Posted October. 09, 2008 20:20,   


Off the coast of Busan on Tuesday afternoon, the Korean destroyer Kang Gam-chan, carrying President Lee Myung-bak, passed the 18000-ton Dokdo large-deck landing ship with about 2,000 dignitaries on board and sailed at the head of the fleet. As two inspection ships aligned in front of and back of the destroyer, 20 naval and coast guard vessels, which lined up while waiting, sailed past the inspection ships one after another, with Aegis-class destroyer King Sejong the Great at the head of the line. Other destroyers, convoy ships, patrol ships, and submarines followed. The chants of troops giving a salute reverberated through the open sea.

At the same time, naval airplanes, helicopters and combat aircraft performed air show and paratroopers of the Underwater Demolition Team showcased their sea mission. The inspection ships reviewed 20 warships from 12 countries around the world. The participating countries, except for China, Russia, and Japan, fought in the Korean War. The United Kingdom, Canada, Australia, India, and Thailand sent their warships. Also included was the aircraft carrier USS George Washington, which was dispatched from Japan’s Yokosuka Naval Base, home to the U.S. Navy`s 7th Fleet, and three Aegis destroyers. This international fleet review culminated in naval gun and helicopter shootings and an amphibious landing.

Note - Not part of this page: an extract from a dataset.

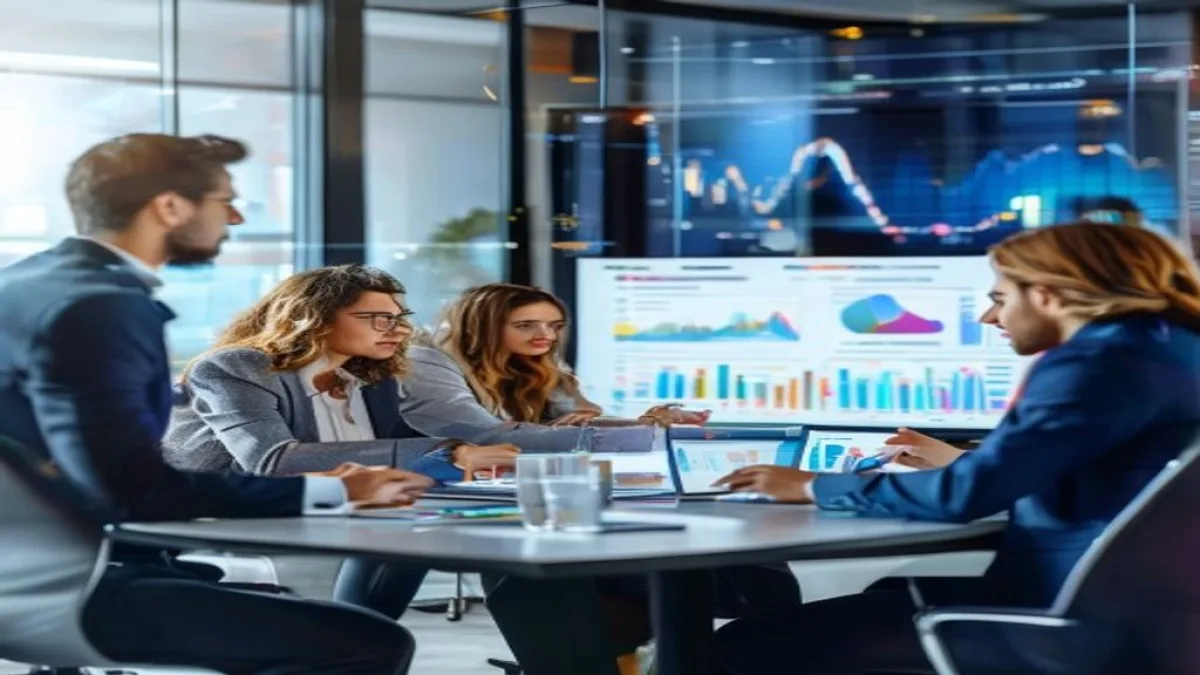 A diverse group of business professionals, both men and women, collaborating around a modern table, looking at data visualizations on a large screen, representing effective marketing strategy and planning. The scene is bright and dynamic, with subtle digital elements suggesting technology and analytics. No text, no logos.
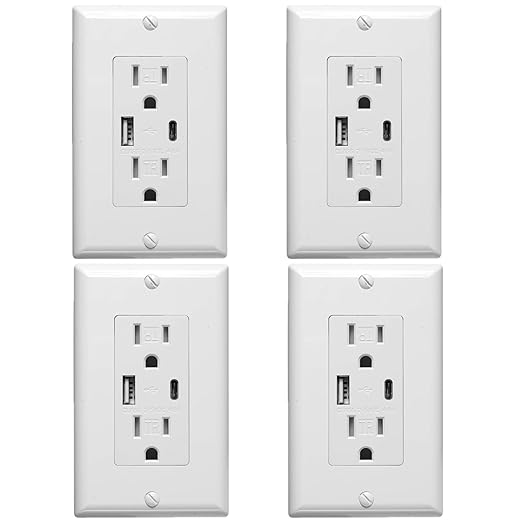 Diodesy- USB Outlet and Duplex Tamper Resistant Receptacle Plug 15 Amp Electrical Outlet with Wall Plate Cover Fast Charging Power Dual Type A & C Ports for Phones Tablets Laptops UL Listed Pack of 4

The naval fleet review that held to celebrate the 60th anniversary of Korea’s Armed Forces showed off Korean navy’s prowess and reminded the importance of traditional military alliances and military diplomacy. Korea’s Aegis destroyers and landing ships along with the U.S. naval fleet is the barometer of the combat capability of the Korean and U.S forces in the event of emergencies. Following the Korea-U.S. joint military drill in Pocheon, Gyeonggi Province on Sept. 26, which showcased air and ground combat capabilities of the two countries, the naval review boasted the military power of the combined forces. The fleet review has also paved the way for military exchanges between neighboring powerhouses such as China, Russia, and Japan.

Naval power symbolizes national strength. The power of Britain that once called the empire on which the sun never sets stemmed from naval power. And the same is true for the United States, the only superpower on the planet. Korea, who depends on exports for economic driving engine and imports almost all of its oil, must secure sea routes because its three sides are surrounded by the sea. Suppressing North Korea’s military aggression is not the only goal of the Korean Navy. In this context, the plan to set up Jeju naval base must be pushed ahead to build more capable navy forces.